A Papuan New Guinea Highland War Shield, with a painted depiction of “The Phantom” comics crime-fighter, is a strong artefact example of the power of cross-cultural influence. From North American Western culture, to Melanesia, the ‘Phantom’ image first began to appear on New Guinea Highland shields in the 1980s. They were a spontaneous development by the young warriors who were the first generation to be able to read and write. Many other “new” designs also appeared on shields: football motifs for example, that equated tribal fighting with football competitions. The ‘Phantom’ comic books were readily available in the main towns from 1970s onwards, and young men drew upon two aspects of this comic-book hero; he protected the village people (albeit set in Africa) from evil men but, above all, he was ‘The Man Who Never Dies’.

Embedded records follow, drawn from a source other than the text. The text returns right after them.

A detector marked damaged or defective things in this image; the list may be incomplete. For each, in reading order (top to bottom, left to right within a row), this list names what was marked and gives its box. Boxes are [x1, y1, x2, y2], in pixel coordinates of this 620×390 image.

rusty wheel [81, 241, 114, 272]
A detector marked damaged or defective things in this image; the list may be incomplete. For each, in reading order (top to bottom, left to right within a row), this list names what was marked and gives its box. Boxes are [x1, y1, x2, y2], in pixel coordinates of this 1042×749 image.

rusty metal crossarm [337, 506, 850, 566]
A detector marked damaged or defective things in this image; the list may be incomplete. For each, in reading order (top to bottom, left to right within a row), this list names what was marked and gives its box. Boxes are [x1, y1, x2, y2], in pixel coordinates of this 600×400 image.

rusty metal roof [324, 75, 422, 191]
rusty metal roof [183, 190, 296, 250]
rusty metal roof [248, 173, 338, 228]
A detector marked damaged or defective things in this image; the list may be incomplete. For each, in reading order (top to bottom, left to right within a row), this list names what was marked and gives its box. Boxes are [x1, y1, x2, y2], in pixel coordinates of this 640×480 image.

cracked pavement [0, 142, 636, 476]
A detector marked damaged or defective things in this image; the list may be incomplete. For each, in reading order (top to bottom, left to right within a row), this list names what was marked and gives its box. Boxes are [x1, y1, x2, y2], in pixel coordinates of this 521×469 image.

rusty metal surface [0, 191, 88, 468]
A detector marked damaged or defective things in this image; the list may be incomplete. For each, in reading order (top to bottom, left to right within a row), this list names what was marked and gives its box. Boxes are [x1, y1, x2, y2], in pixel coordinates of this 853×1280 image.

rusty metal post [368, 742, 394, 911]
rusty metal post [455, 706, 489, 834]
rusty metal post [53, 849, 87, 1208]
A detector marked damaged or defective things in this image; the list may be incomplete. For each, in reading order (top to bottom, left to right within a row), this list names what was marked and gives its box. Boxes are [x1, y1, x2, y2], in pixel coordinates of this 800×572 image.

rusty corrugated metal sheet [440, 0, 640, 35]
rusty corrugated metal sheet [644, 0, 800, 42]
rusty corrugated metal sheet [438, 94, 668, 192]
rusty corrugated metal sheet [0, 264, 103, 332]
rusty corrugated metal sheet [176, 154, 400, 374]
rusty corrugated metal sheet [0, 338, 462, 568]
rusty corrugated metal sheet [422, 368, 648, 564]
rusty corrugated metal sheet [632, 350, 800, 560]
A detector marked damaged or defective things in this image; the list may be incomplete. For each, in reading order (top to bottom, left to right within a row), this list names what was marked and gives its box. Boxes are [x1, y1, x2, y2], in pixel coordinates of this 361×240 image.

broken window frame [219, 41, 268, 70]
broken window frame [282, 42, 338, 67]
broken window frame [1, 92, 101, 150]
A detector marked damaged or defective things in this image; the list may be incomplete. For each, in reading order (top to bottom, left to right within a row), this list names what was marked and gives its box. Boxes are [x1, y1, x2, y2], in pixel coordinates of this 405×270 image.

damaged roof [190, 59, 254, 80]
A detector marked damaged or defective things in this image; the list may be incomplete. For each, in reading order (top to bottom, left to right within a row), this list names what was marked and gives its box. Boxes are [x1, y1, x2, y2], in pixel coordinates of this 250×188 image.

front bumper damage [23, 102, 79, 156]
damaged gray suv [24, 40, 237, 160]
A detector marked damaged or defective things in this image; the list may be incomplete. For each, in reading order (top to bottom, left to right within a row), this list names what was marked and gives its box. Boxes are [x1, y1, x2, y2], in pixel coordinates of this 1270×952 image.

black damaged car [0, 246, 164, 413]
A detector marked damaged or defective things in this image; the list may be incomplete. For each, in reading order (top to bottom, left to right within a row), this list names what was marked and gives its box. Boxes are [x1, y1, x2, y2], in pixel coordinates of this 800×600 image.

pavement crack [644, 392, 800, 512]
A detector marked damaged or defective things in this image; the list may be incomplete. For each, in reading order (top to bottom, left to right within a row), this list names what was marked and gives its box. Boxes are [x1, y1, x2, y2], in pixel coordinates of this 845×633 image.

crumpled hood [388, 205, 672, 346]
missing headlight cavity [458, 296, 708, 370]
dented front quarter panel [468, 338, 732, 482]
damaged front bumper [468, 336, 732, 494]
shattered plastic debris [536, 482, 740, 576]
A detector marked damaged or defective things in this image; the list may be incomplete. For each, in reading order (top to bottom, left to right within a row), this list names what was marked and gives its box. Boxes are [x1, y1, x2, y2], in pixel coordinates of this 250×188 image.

Warfare was heavily suppressed under the Australian colonial administration, where patrol officers constantly moved among the villages, attempting to stop outbreak of wars before they began – usually but not always succeeding. With Independence, and less autocratic rule, warfare emerged once more; old shields were reused, new ones made. Often these Phantom motifs are painted over older designs, with the abstract pecked designs beneath the newer paintwork.
The War Shield has always been considered an extension of the warrior himself. When warfare was expected, warriors repainted their shields to ensure that the colours shone brilliantly against the sun to dazzle and threaten the opposing side. In the western Pacific, shields bore the name of warriors, and possessed a life force, or spirit, that connected them to their ancestors.